_Collected data_
--- --- ---

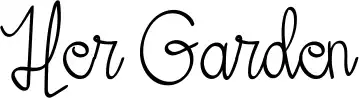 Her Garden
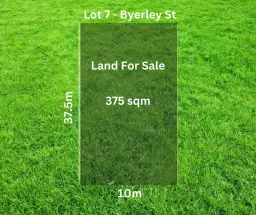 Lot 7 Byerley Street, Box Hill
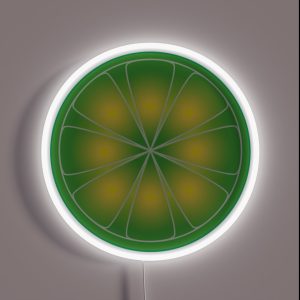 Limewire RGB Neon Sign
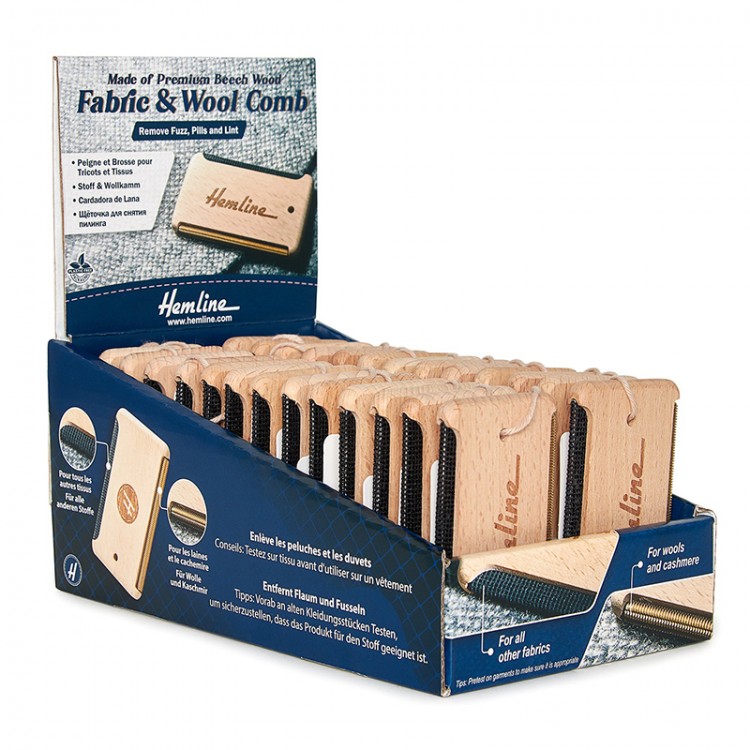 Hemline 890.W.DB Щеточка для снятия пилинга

--- --- ---

Copy out all the data without changing anything, and drop the pictures.

 Her Garden
 Lot 7 Byerley Street, Box Hill
 Limewire RGB Neon Sign
 Hemline 890.W.DB Щеточка для снятия пилинга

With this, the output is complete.